### What you have to do:
An acceptable answer contains every record below, unchanged, and no pictures.

### Material for the task:
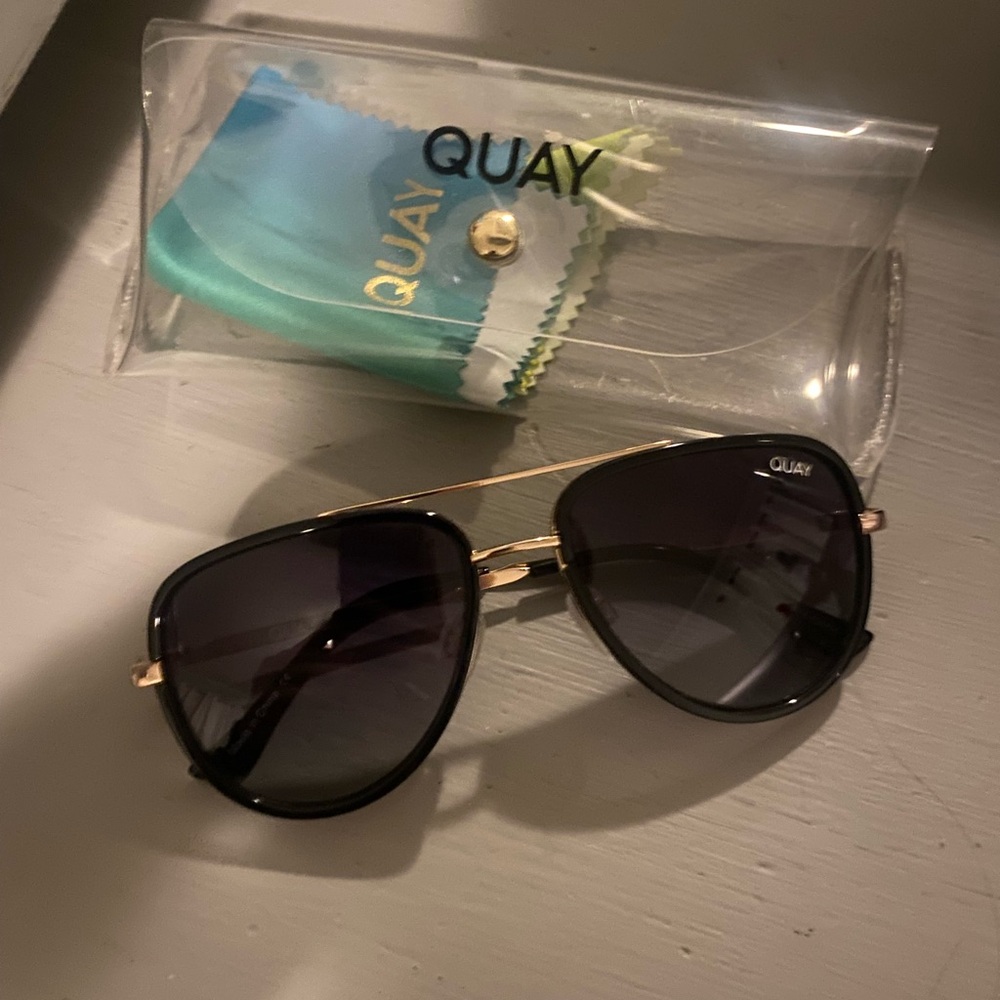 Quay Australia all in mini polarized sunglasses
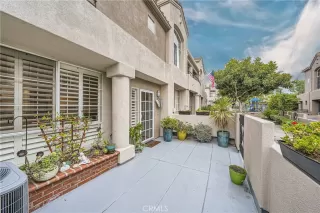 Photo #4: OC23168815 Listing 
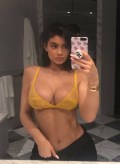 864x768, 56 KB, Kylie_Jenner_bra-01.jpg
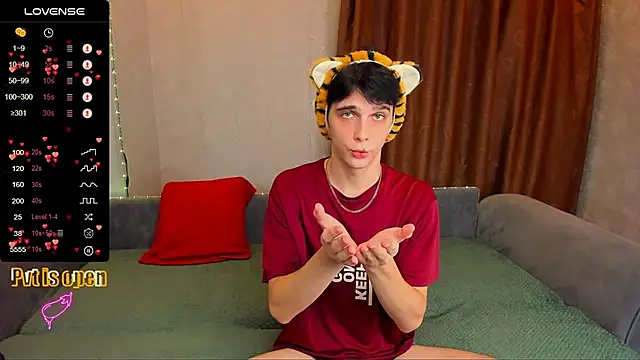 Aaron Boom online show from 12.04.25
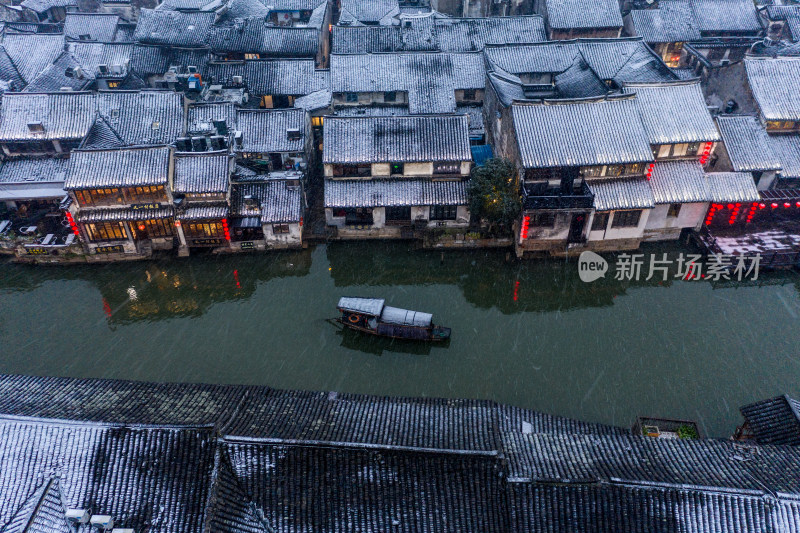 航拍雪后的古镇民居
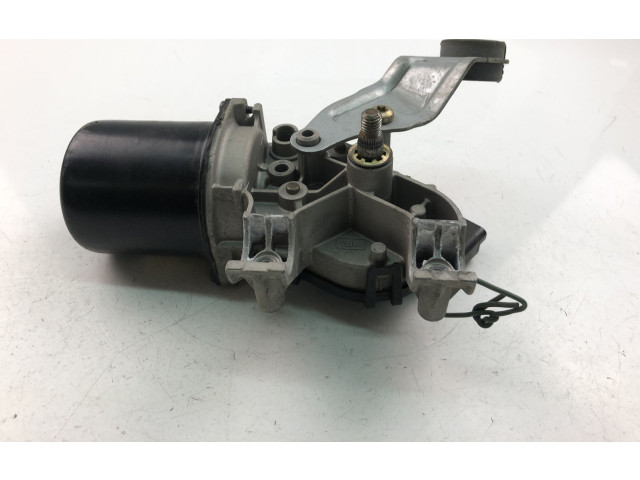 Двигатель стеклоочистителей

### Result:
 Quay Australia all in mini polarized sunglasses
 Photo #4: OC23168815 Listing 
 864x768, 56 KB, Kylie_Jenner_bra-01.jpg
 Aaron Boom online show from 12.04.25
 航拍雪后的古镇民居
 Двигатель стеклоочистителей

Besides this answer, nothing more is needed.